Maravilhosa "invenção" de S. Francisco de Assis que, em 1223, teria montado o primeiro presépio, na floresta de Greccio, para que, assim, os camponeses, seus conterrâneos e contemporâneos, compreendessem melhor o nascimento de Jesus. O acto ganhou raízes, espalhou-se pelo mundo cristão e chegou à minha Aldeia. Quando nasci, já lá estava. E é desse(s) que venho falar! O primeiro presépio que eu vi era pequenino, pobre e simples como as gentes a quem se destinara. É uma das mais remotas lembranças da minha vida. "Aparecia" no altar dedicado a Nossa Senhora da Graça e ali ficava até ao Dia de Reis. O grande "salto" dá-se pelo meus 8 ou 9 anos e foi uma das maiores surpresas da minha vida!!!
Durante o ano, na missa dominical ou nas de outros dias festivos, os gaiatos da catequese costumavam ficar no lado do altar-mor, nem sempre se comportando muito bem, e só o olhar autoritário do P. José Maria "metia na linha" aquela garotada tirada, por momentos, à tutela dos pais. Foi assim durante muitos anos: homens lá para cima, no coro alto da igreja; mulheres e garotas na zona do "rés-do-chão" e os miúdos ali, à esquerda do altar. Ora, num dia de Natal, por volta de 1950, todo o "nosso" espaço apareceu ocupado com um presépio lindíssimo, oferta da Casa F., dizia-se, que me deixou completamente atordoado. Eram figuras de barro muito belas, majestosas: Maria, José e o Menino numa cabana de encantar; lá atrás, o burro e a vaca; pendurados de maneira habilidosa, os anjos seguravam uma faixa artísticamente desenhada com a frase "Gloria in excelsis Deo... "; no campo, em redor, um vasto tapete de musgo, os pastores e os seus rebanhos; lá ao fundo, os Reis Magos montando garbosos cavalos - tenho a vaga ideia de um deles vir em cima de um camelo. Nunca os meus olhos de criança de aldeia haviam mirado tamanha maravilha. Sempre que podia, escapava-me para dentro da igreja e ali ficava, "amarrado", numa atitude quase mística, em contemplação daquela cena "do outro mundo" e nunca antes sonhada. Em cada ano, lá vinha a surpresa final: no Dia de Reis, como por magia, as montadas já não estavam lá e os Magos apareciam, em frente da imagem do Menino, em adoração e oferendo-Lhe ouro, incenso e mirra.

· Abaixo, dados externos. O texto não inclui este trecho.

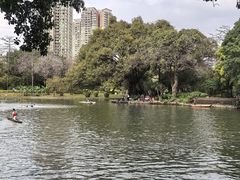 -晓港公园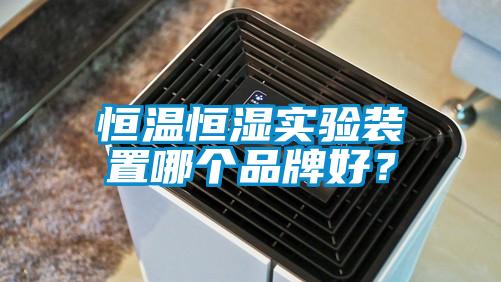 恒温恒湿实验装置哪个品牌好？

Com o decorrer do tempo, progredindo na catequese, fui sendo convidado para ir com os nossos seminaristas, de férias, apanhar o musgo e o amor ao presépio tornou-se mesmo uma paixão da minha infância e da minha adolescência.

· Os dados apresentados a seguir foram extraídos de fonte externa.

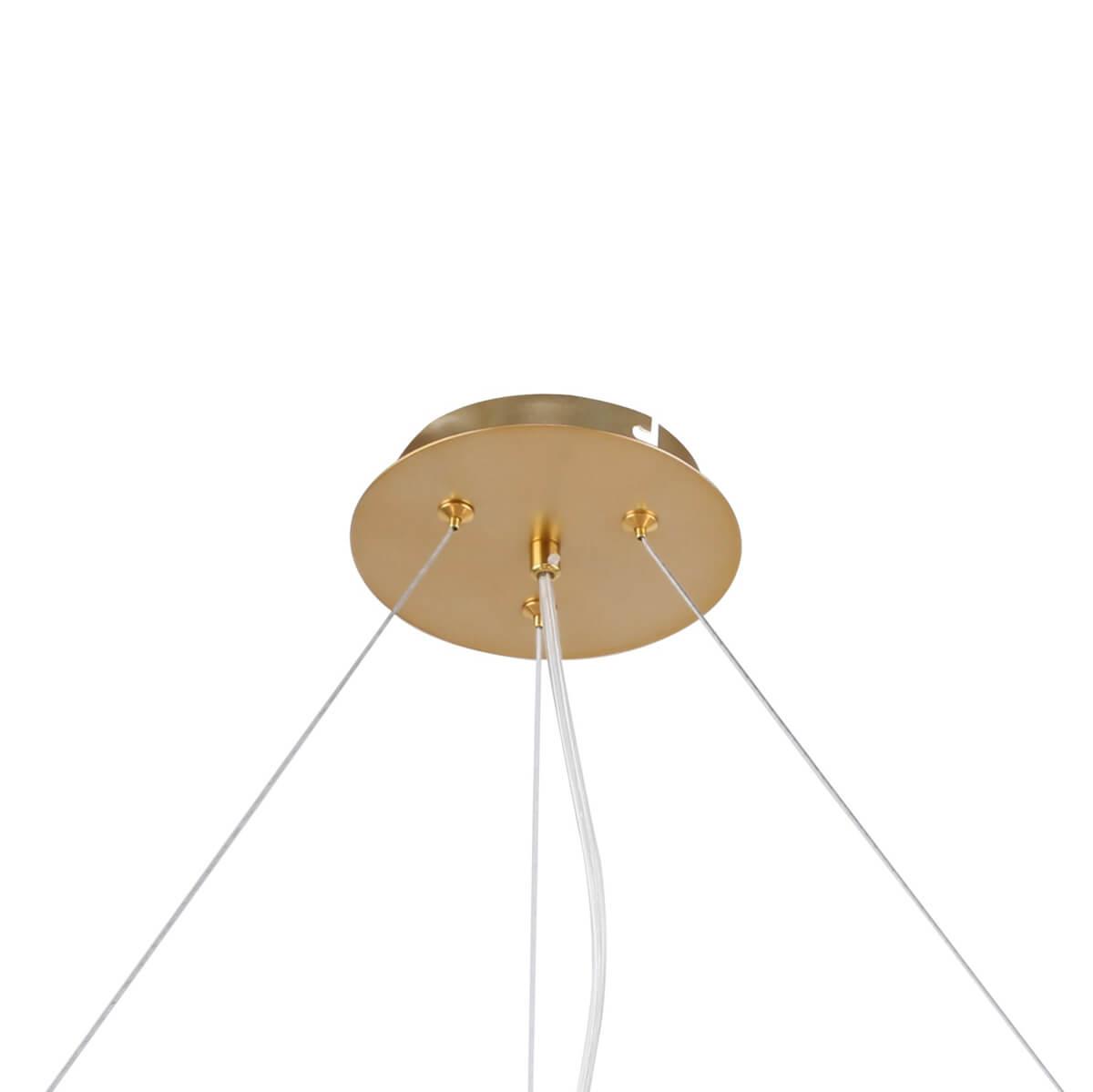 картинка Подвесная люстра F-Promo Bliss 2771-12P от магазина pro-decor.kz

Os anos passaram, os seminaristas eram cada vez menos, regressara à Aldeia com o Curso a que me dedicara e por ali fiquei. A "promoção" por que tanto ansiara chegou, por fim, com naturalidade: jovem professor de aldeia, com muito tempo livre e poucas oportunidades de o ocupar - a leitura foi o passatempo preferido - sem dificuldade tornei-me um dos responsáveis pela construção do presépio paroquial. No dia 24 de manhã, era combinado, um grupo de jovens, adolescentes e crianças lá ia até ao pinhal das "Colmeias", onde o musgo era de primeira qualidade, cada um esforçando-se por tirar daqueles "barrocos" de granito a "manta" de musgo que iria atapetar a "casa" do Menino Jesus, em cada Natal. E garanto-vos que o desafio "obrigava" a que todos dessem o seu melhor e o resultado final só podia ser um: vários cestos de musgo com que, na tarde desse dia, seria construído o presépio dos nossos sonhos, colocando com as nossas próprias mãos aquelas figuras encantadoras que fizeram tantas crianças e adultos sonhar com um mundo melhor, tão belo com era aquele que os nossos olhos ali contemplavam.

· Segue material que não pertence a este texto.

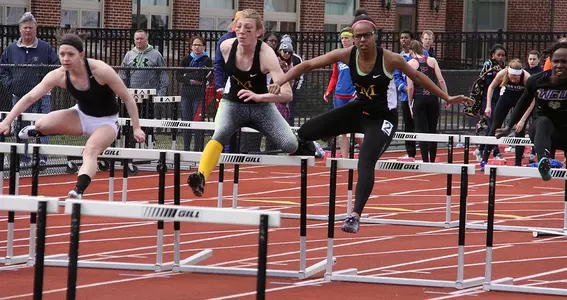 Erin Madison & Ari Camel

Veio o serviço militar, a mudança de vida e tudo ficou para trás menos esta tão grande saudade de tempos que não voltarão.
Os "anjos" cantam...

segunda-feira, dezembro 15, 2008

Apanhar a azeitona


Era um som lúgubre, estranho, "atroando" as madrugadas frias, chuvosas, escuras do mês de Dezembro da minha infância. O toque do búzio. Ou dos búzios. Que cada rancho tinha o seu. E era reconhecido por cada um, sem grande margem para dúvidas. Foram difíceis, muito duros aqueles anos de meados do século XX. As guerras haviam terminado - a do Franco e a do Hitler - com todo o rasto de misérias que também nos tocaram, das quais a fome não esteve ausente. Excesso de população, a terra mal distribuída, umas centenas trabalhando para meia dúzia "deles", "à jorna" quando não de arrendamentos. Uma exploração desenfreada e sem vergonha. Há quem pense que o roubo do suor de quem trabalha é de hoje. Mais velho que a invenção da escrita... Na minha Aldeia, os tenentes da propriedade que valesse a pena contavam-se pelos dedos de uma das mãos: A "Casa FF", com a parte do leão, a "Casa OM", a "Casa PM", a "Casa D.A", e a "Casa PA"... Depois ainda uma meia dúzia de remediados, com umas oliveiritas, dando para a sua família e pouco mais. Os restantes, umas centenas, tinham de viver à custa de muito curvar a cabeça e aguentar, aguentar, aguentar... De mais!!!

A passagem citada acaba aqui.